TASK DESCRIPTION - Once you reach the line with "Unjumbly Over the", copy it and every line after it exactly, up to the end of the data. Omit the pictures.

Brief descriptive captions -
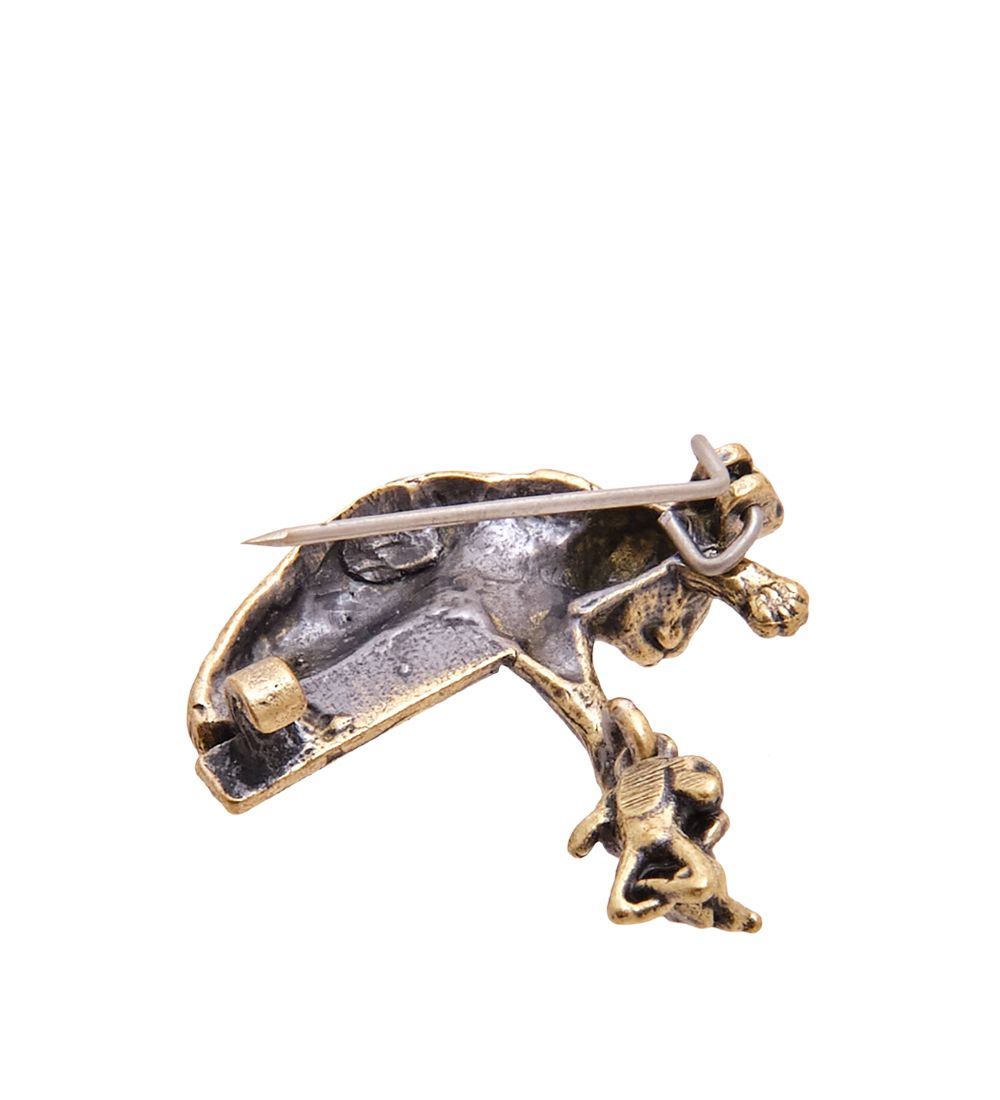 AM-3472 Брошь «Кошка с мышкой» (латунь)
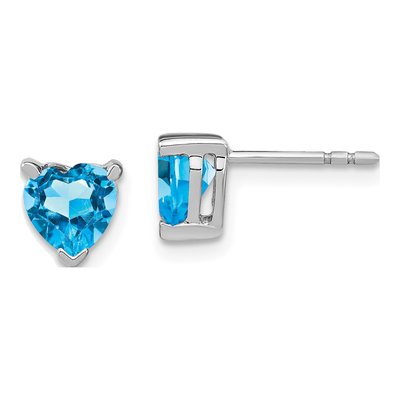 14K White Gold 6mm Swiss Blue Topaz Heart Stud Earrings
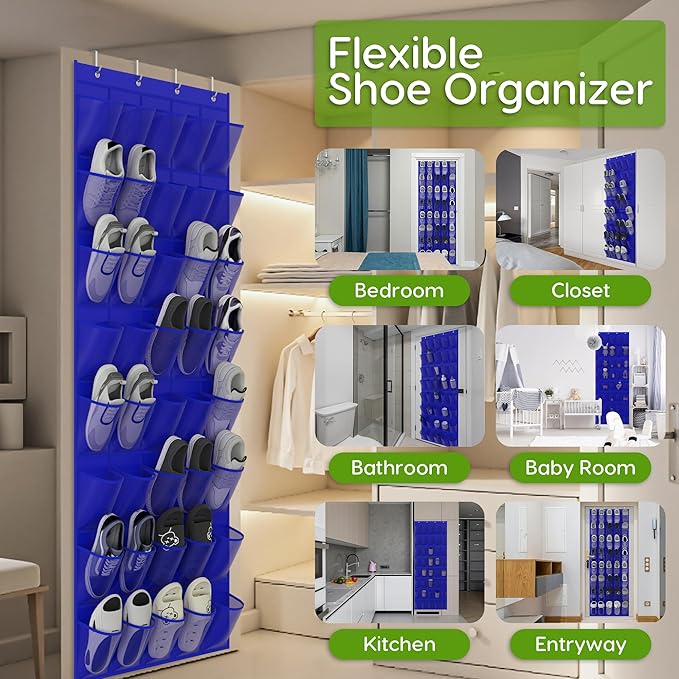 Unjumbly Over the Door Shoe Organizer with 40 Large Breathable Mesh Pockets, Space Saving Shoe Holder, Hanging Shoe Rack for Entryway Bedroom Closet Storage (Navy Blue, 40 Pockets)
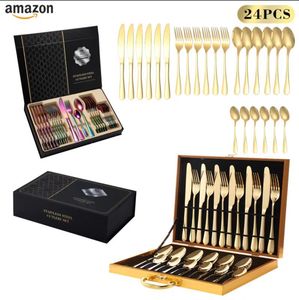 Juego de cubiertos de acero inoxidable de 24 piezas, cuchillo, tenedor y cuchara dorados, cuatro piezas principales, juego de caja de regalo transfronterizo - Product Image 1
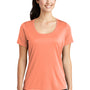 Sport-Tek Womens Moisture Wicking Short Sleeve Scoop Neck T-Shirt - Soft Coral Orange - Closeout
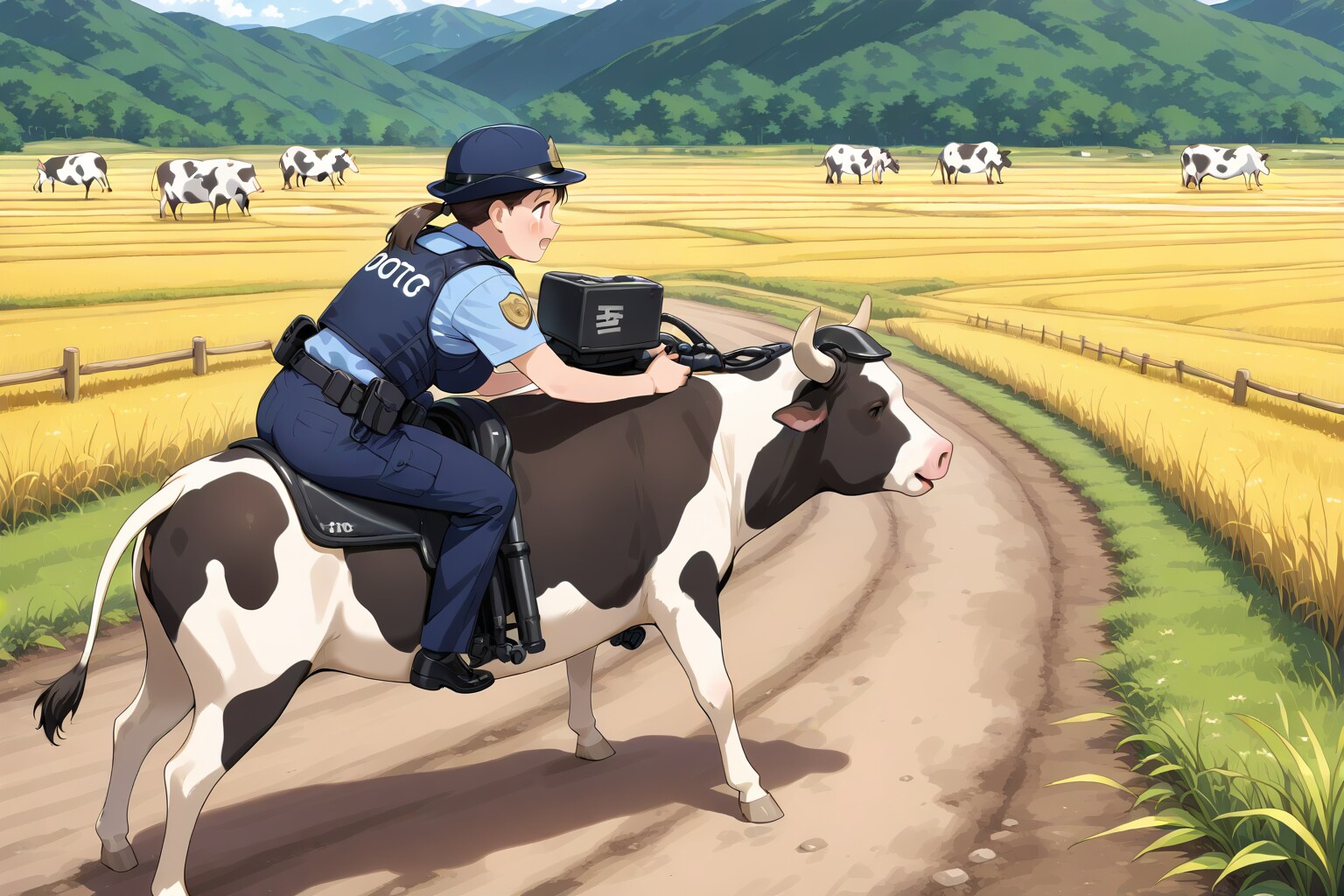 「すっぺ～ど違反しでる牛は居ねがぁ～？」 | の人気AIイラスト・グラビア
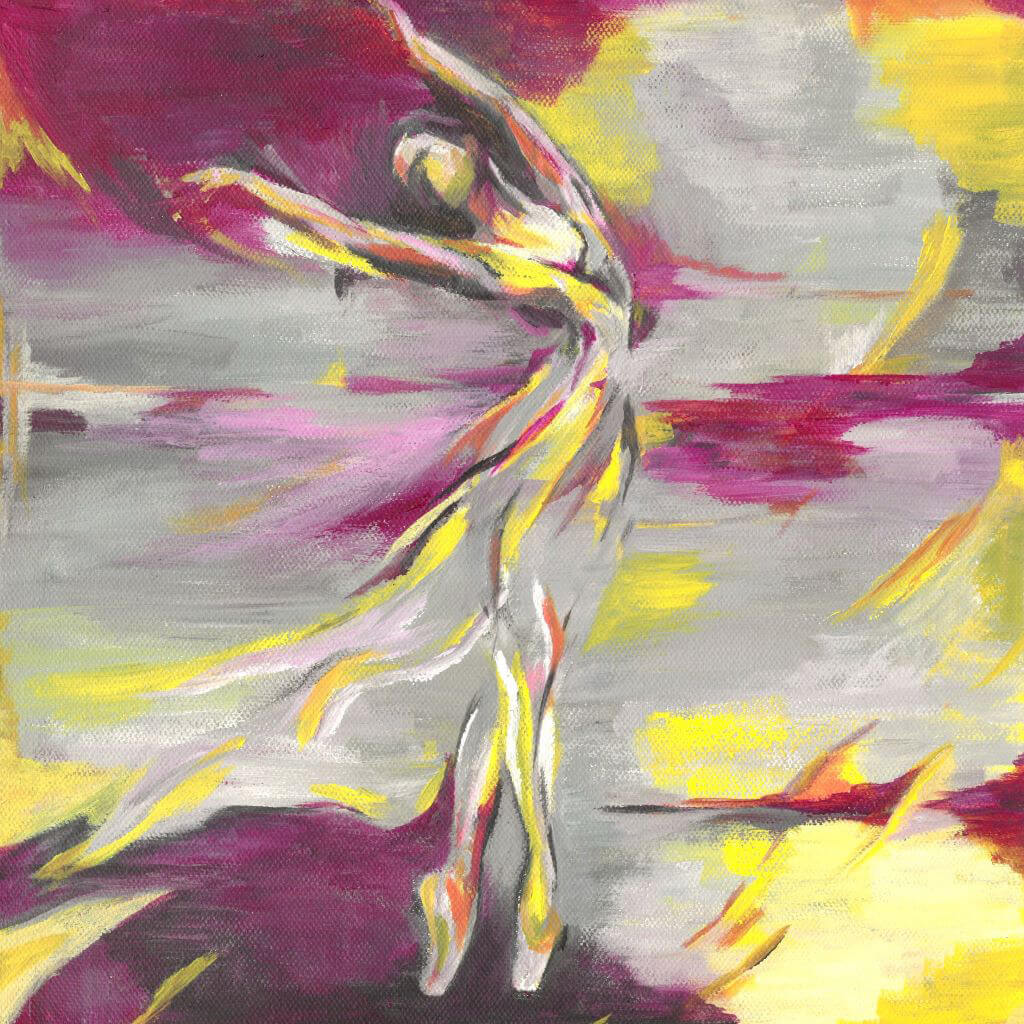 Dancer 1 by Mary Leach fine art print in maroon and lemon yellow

ANSWER TO THIS PROBLEM -
 Unjumbly Over the Door Shoe Organizer with 40 Large Breathable Mesh Pockets, Space Saving Shoe Holder, Hanging Shoe Rack for Entryway Bedroom Closet Storage (Navy Blue, 40 Pockets)
 Juego de cubiertos de acero inoxidable de 24 piezas, cuchillo, tenedor y cuchara dorados, cuatro piezas principales, juego de caja de regalo transfronterizo - Product Image 1
 Sport-Tek Womens Moisture Wicking Short Sleeve Scoop Neck T-Shirt - Soft Coral Orange - Closeout
 「すっぺ～ど違反しでる牛は居ねがぁ～？」 | の人気AIイラスト・グラビア
 Dancer 1 by Mary Leach fine art print in maroon and lemon yellow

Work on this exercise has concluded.